→ ACTION ITEM:
Would you repeat each line below exactly, without the pictures?

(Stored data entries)
= = = =

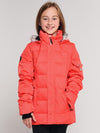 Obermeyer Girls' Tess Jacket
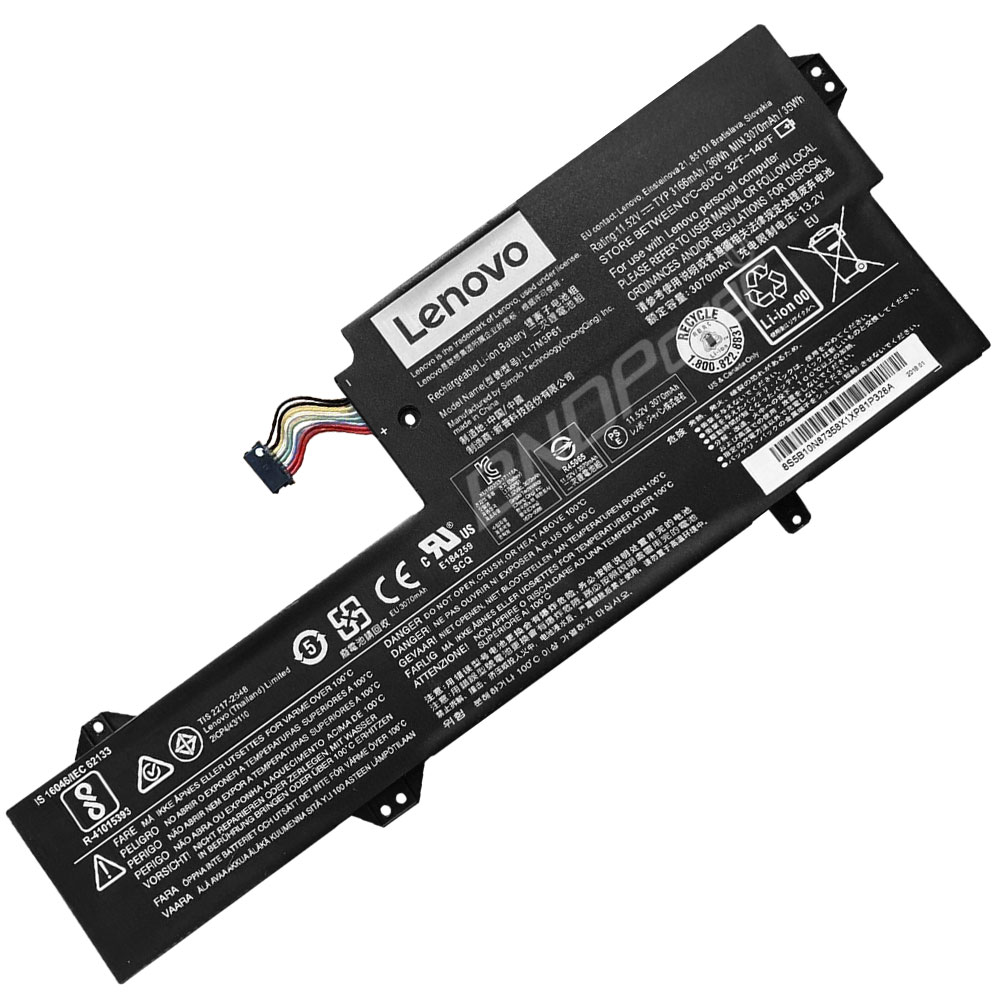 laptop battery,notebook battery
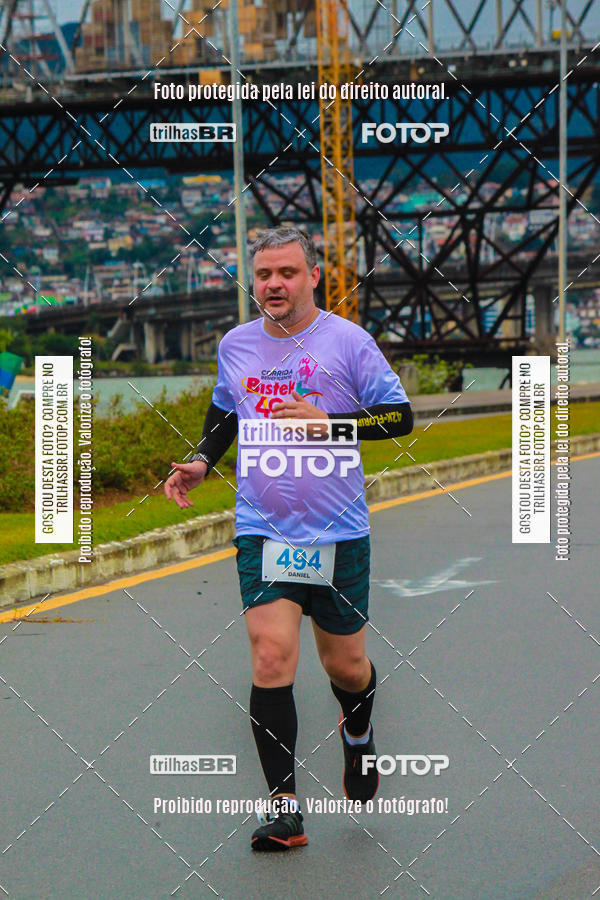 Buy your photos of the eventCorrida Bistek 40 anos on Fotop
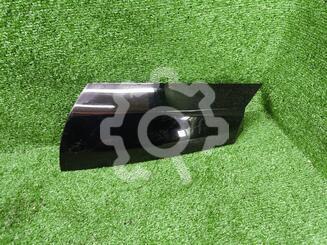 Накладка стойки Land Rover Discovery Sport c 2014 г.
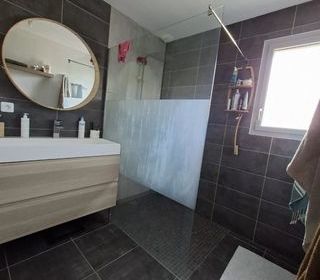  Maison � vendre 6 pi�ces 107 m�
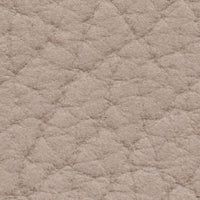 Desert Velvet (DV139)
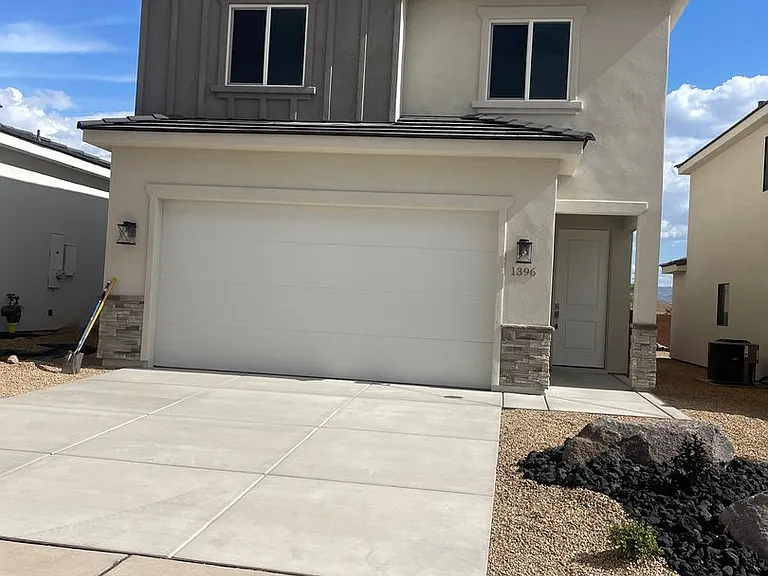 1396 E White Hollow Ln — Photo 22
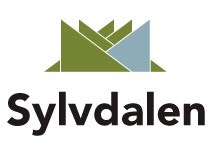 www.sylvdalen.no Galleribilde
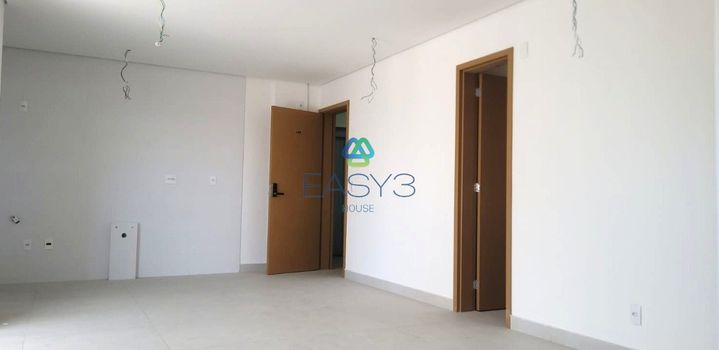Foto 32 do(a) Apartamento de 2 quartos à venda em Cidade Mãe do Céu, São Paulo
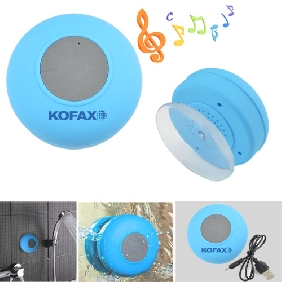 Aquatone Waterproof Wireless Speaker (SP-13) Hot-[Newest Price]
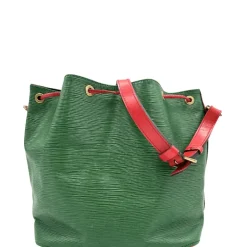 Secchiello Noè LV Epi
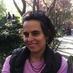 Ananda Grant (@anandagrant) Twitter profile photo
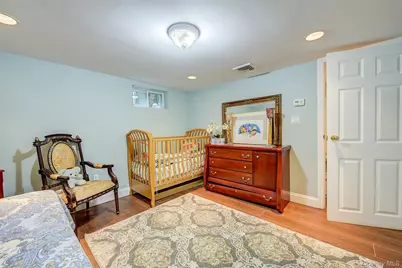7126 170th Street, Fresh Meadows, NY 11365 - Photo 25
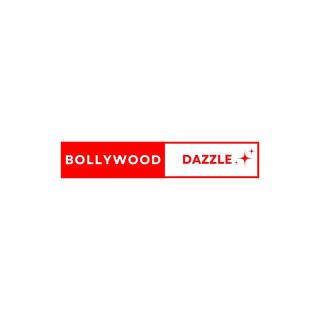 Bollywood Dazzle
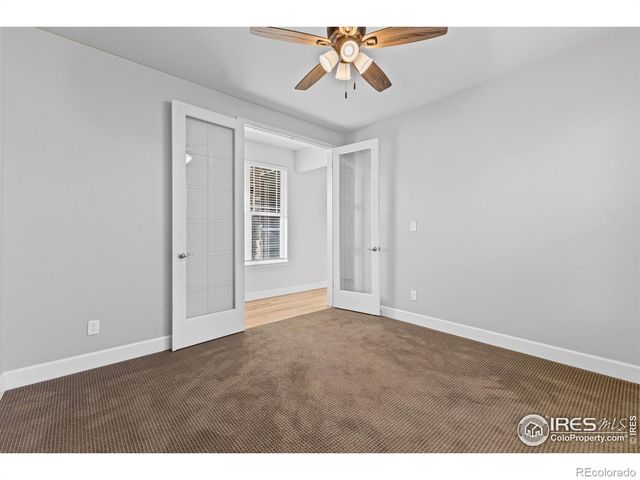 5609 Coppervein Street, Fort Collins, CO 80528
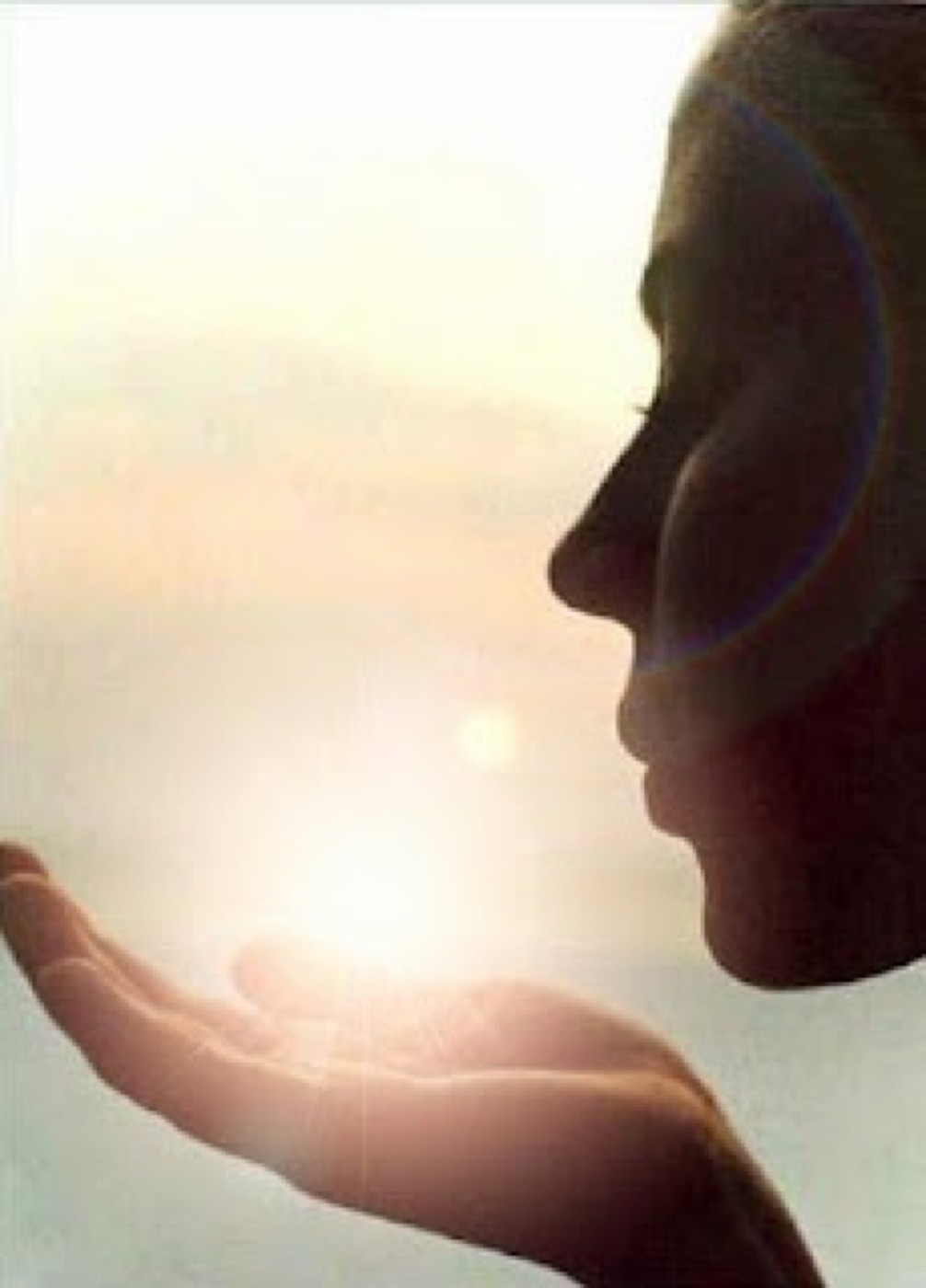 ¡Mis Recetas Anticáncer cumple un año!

= = = =

→ REPLY TO THE EXERCISE:
 Obermeyer Girls' Tess Jacket
 laptop battery,notebook battery
 Buy your photos of the eventCorrida Bistek 40 anos on Fotop
 Накладка стойки Land Rover Discovery Sport c 2014 г.
  Maison � vendre 6 pi�ces 107 m�
 Desert Velvet (DV139)
 1396 E White Hollow Ln — Photo 22
 www.sylvdalen.no Galleribilde
Foto 32 do(a) Apartamento de 2 quartos à venda em Cidade Mãe do Céu, São Paulo
 Aquatone Waterproof Wireless Speaker (SP-13) Hot-[Newest Price]
 Secchiello Noè LV Epi
 Ananda Grant (@anandagrant) Twitter profile photo
7126 170th Street, Fresh Meadows, NY 11365 - Photo 25
 Bollywood Dazzle
 5609 Coppervein Street, Fort Collins, CO 80528
 ¡Mis Recetas Anticáncer cumple un año!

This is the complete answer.